1. b is not equal to a, then b over (a - b) - a over (b-a) =
Choices:
1. -1
2. 0
3. 1
4. b-a over a-b
5. a+b over a-b
2. 6 equilateral triangles with side 1 are joined to form a hexagon. A circle is circumscribed about the hexagon. What is the area of the shaded region in the figure below?
1. 3.14 - square root 3 over 2
2. 3.14 - 3(sq root 3 over 2)
3. 3.14(sq root 3) over 3
4. 2(3.14) - sq root 3 over 2
5. 2(3.14) - 3(sq root 3)
Thank you for any help.

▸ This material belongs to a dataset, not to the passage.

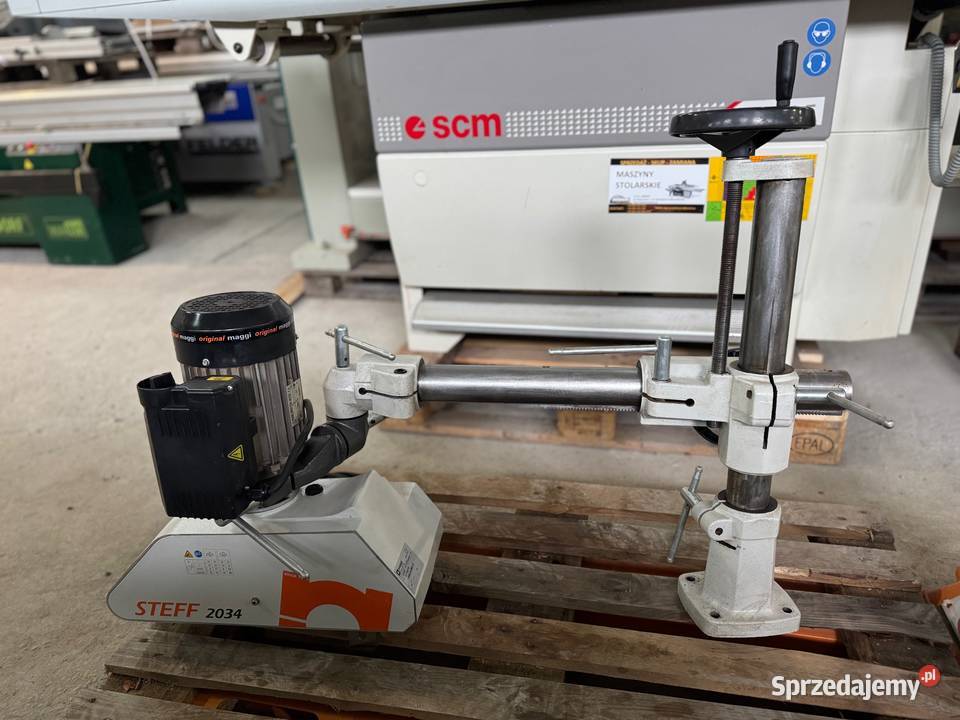 Posuw 3 rolkowy MAGGI Steff 2034 Kalwaria Zebrzydowska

Please explain the reasoning/steps behind it if possible it's appreciated :].
2007-07-10 12:58:00 · 1 answers · asked by RuleOfTheRose 2 in Science & Mathematics ➔ Mathematics
1. b/(a-b) - a/(b-a) =
b/(a-b) + a/(a-b) =
(b + a) / (a - b)
That's the same as (a + b) / (a - b), your choice #5.
2. The equilateral triangles have height sqrt(3)/2 and base 1, so their area (1/2 * b * h) is sqrt(3)/4 each. Six of them turned into a hexagon have area 6*sqrt(3)/4 = 3*sqrt(3)/2.

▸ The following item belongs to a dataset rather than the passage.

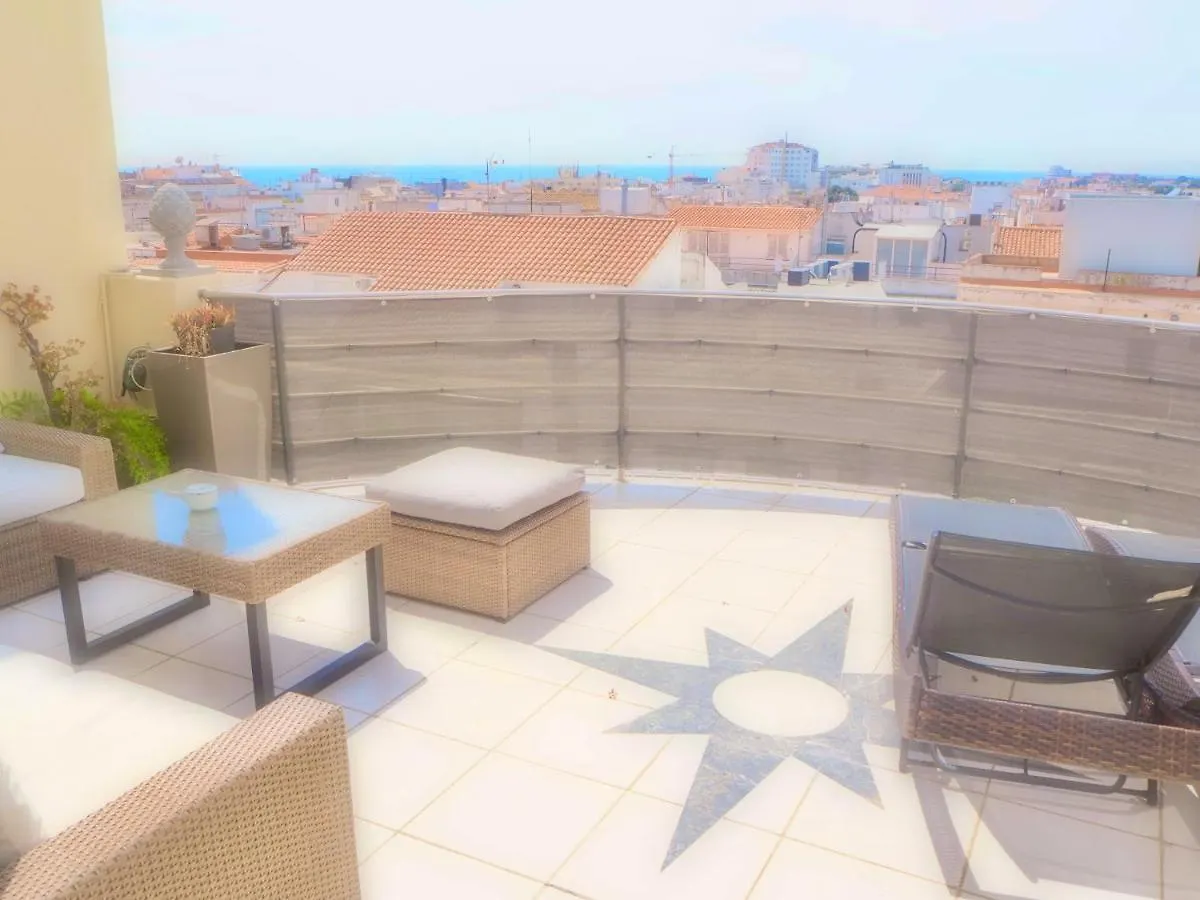 Privat Hotel Liberty Sitges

The circle is circumscribed so it touches the pentagon at each vertex. The line from each vertex to the center of the pentagon and the center of the circle, is a side of one of the equilateral triangles, so it is length=1. This means the circle has radius 1 and therefore area (pi * r^2) = pi*1^2 = pi.
Assuming the shaded area is the portion of the circle NOT inside the hexagon, it's the area of the circle (pi) minus the area of the hexagon (3sqrt(3)/2).
pi - 3sqrt(3)/2 is your answer (1).
2007-07-10 13:02:04 · answer #1 · answered by McFate 7 · 1⤊ 0⤋